It can be hard to grasp or even accept the idea that there are such things as “grief gifts.” How can we possibly believe that the experience of grief and loss will bestow any such gift? Especially when all we have now is an aching longing for that which is so out of reach. It is not a new concept. History and literature abounds with a similar notion.
“In my end is my beginning.” — Mary Queen of Scots
“Sadness flies on the wings of the morning. And out of the darkness comes the light” — Jean Giraudoux
“Even the saddest things can become, once we have made peace with them, a source of wisdom and strength for the journey that still lies ahead.” — Frederick Buechner
And the last one here from the Dalai Lama, “It is under the greatest adversity that there exists the greatest potential for doing good, both for oneself and others.”
I never thought that out of such a tragedy I would ever come to write this article. More surprising to me is that I have, indeed, received many gifts from the pain and anguish of my grief.
1. The Gift of Myself (Oneself): When I lost my son, I was a physical, mental and spiritual wreck. My whole self was stripped bare, raw and exposed. Gone were care, desire, coping and tact. Other people become irrelevant. There was my pain and nothing else. The structure of my life and my self were completely deconstructed. I was a shell and within that shell was the real me. It was the first time I had been freed by the shackles of what I thought I had to be. This was me.
2. The Gift of Presence: Loss has taught me that there may not be a tomorrow. I was planning to visit my son and have lunch with him on the day he had his accident and slipped into a coma. I spoke to him for the last time 2 days before. Now I appreciate each and every moment I am in the presence of my partner, children, grandchildren. They have become cherished moments in my life.
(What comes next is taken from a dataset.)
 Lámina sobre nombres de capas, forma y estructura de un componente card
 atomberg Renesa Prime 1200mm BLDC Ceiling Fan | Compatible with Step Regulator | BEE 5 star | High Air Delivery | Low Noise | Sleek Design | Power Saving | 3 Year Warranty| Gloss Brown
3. The Gift of Love: My love for my son and my family were greatly amplified in my grief. Now that I have lost a child, he stays forever enshrined in memory and the enormous capacity of love I have for him in my heart. The love for my family has intensified. I am now fully aware of how devastating it is to lose someone we love so very much. I rarely miss an opportunity to let them know how much I love them.
4. The Gift of Nature: Nature has always been important to me, but it became more so in my grief. I found being in nature allowed me to heal in so many ways. In the early days of my grief, I visited a labyrinth, in a bush setting. This became a place of reflection, healing and connection. Bush rocks and gum trees set the scene and I spent many peaceful moments there.
5. The Gift of Meaning: Little things no longer matter to me. Although I am human and lapse occasionally, usually I am not as affected by the minutiae of life that worries so many. The worst possible thing has happened to me. Little things have less power over my life now. They really are not important to me. What means the most to me now are the people I love and those who love me.
6. The Gift of Compassion: After Stuart died, even though I was hurting myself (and still do) I wanted to give back. When I read and heard stories of loss, my heart went out to those families. They too, would have to go through what my family has. It broke my heart. Grief has left me with the legacy of altruism and compassion. I use my experience of grief to help others. I do this through Esdeer but I also volunteer for The Compassionate Friends. An international organisation supporting bereaved parents, grandparents and siblings.
7. The Gift of Writing: I’ve always loved writing. As a child, my favourite ‘thing’ was writing stories at Primary School. Many years ago, I enrolled in a writing course, so keen was I to put pen to paper in a meaningful way. It seemed natural to me then to write my grief out on paper. I used journals, bits of paper and eventually I came to establish Esdeer. Now my writing is part of my life and I never run out of topics to write about. My creativity and passion are being put to good use.
8. The Gift of Spontaneity: I used to be a natural planner. I liked to know months ahead what was happening. I rarely did anything of a spontaneous nature. Now I consider the events in my life very differently. I now know things happen outside of our control. So I take each day as it comes. There is still an element of planning in my life, but now there are those unexpected moments. Moments of connection, moments of pleasure, moments of celebration and moments of recreation. My life is much more balanced now, as a result.
9. The Gift of Gratitude: When Stuart died, I couldn’t have cared less if I lived or died. I wasn’t grateful for much at that time and didn’t expect to be ever again. Now I am. I am grateful for what that experience has taught me. I am grateful for the people who surround me with love each day. I am grateful for the time I had with my son. I am grateful for how grief has shaped my life and enriched who I am. I am grateful now for life, my life.